The data:
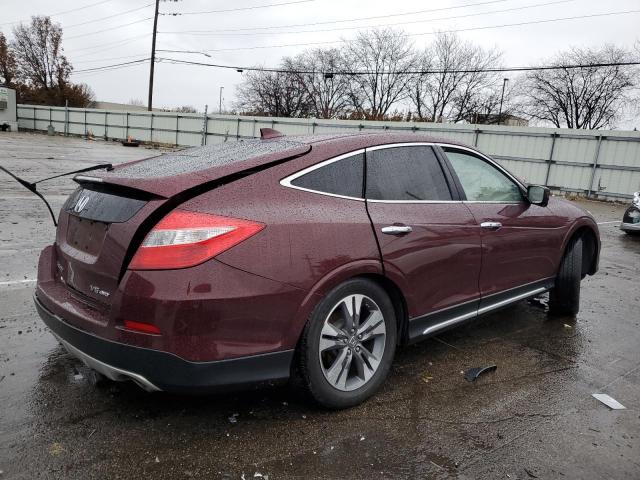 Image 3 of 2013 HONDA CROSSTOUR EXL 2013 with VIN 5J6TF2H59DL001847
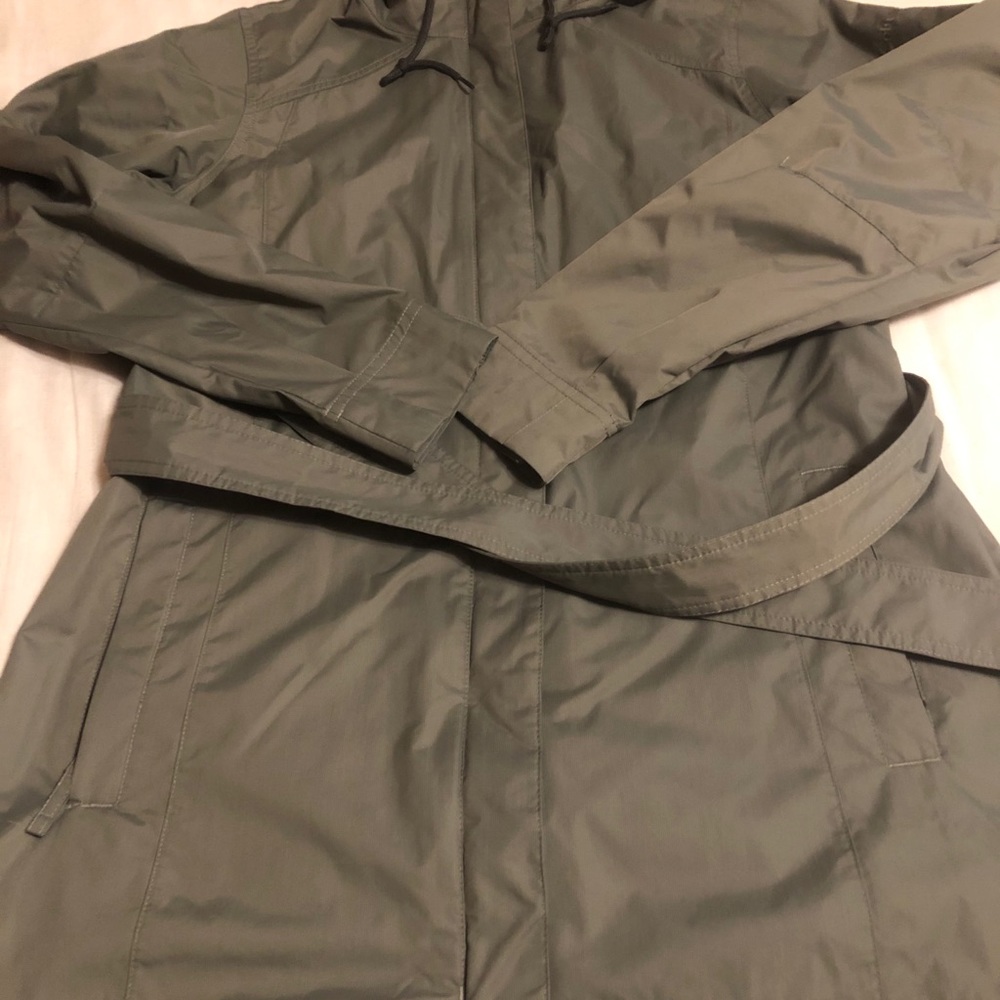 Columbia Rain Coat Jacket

---

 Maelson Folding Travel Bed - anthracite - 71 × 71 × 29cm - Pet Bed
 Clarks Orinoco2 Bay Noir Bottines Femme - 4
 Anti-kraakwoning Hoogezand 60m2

* * *

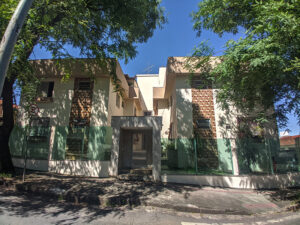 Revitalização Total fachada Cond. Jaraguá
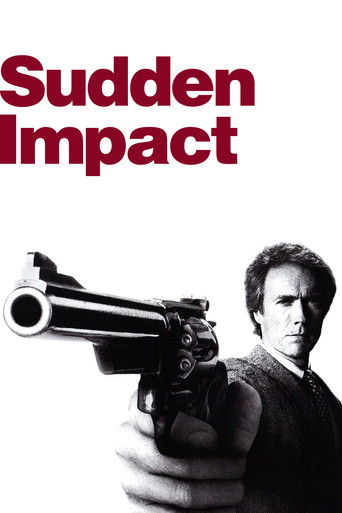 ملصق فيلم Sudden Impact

Work required: Start with the line with "Image 3 of 2013" in the listing above and stop after the line with "Columbia Rain Coat Jacket". Write out exactly the lines in that stretch and no others, without pictures.

Expected answer:
 Image 3 of 2013 HONDA CROSSTOUR EXL 2013 with VIN 5J6TF2H59DL001847
 Columbia Rain Coat Jacket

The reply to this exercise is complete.